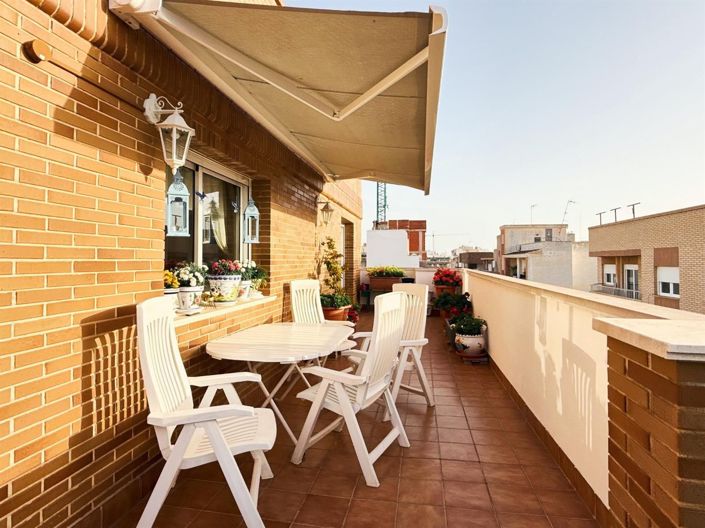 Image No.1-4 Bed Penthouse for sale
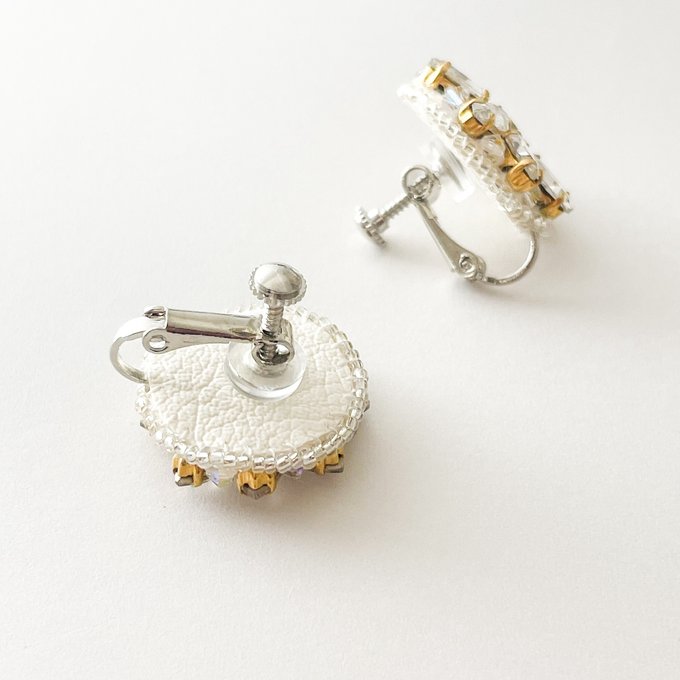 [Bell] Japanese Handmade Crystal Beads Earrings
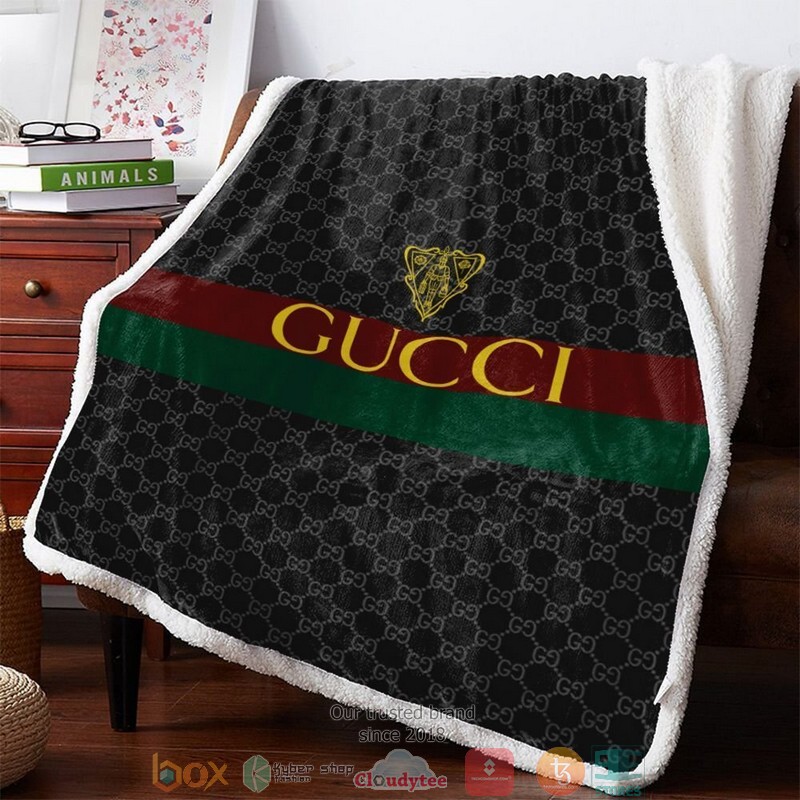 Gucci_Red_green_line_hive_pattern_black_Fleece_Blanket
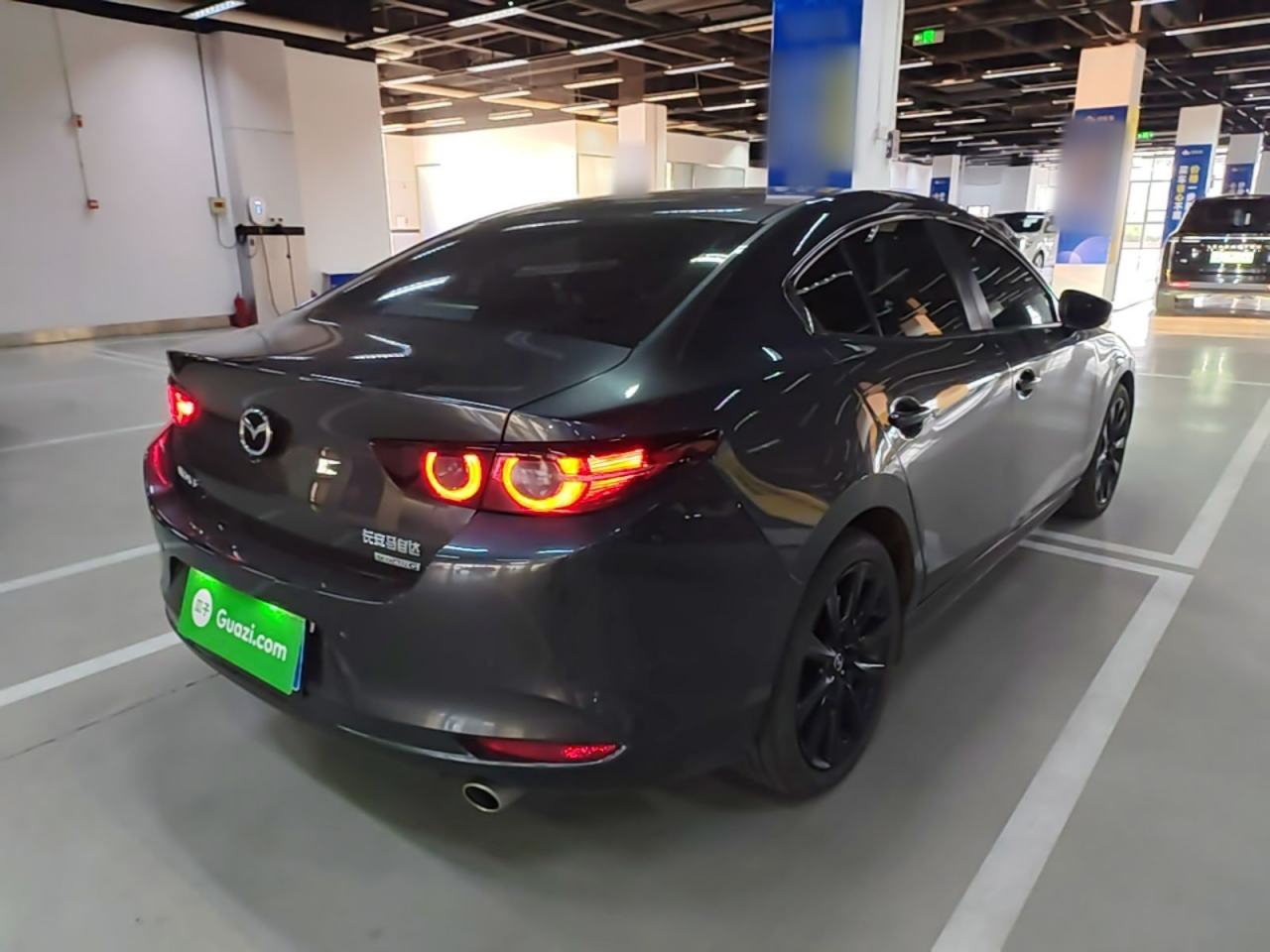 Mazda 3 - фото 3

**Exercise aim**
Leaving the pictures aside, transcribe only the lines from the one containing "[Bell] Japanese Handmade" to the final line of the listing above, inclusive, exactly as they appear.

**Response below**
 [Bell] Japanese Handmade Crystal Beads Earrings
 Gucci_Red_green_line_hive_pattern_black_Fleece_Blanket
 Mazda 3 - фото 3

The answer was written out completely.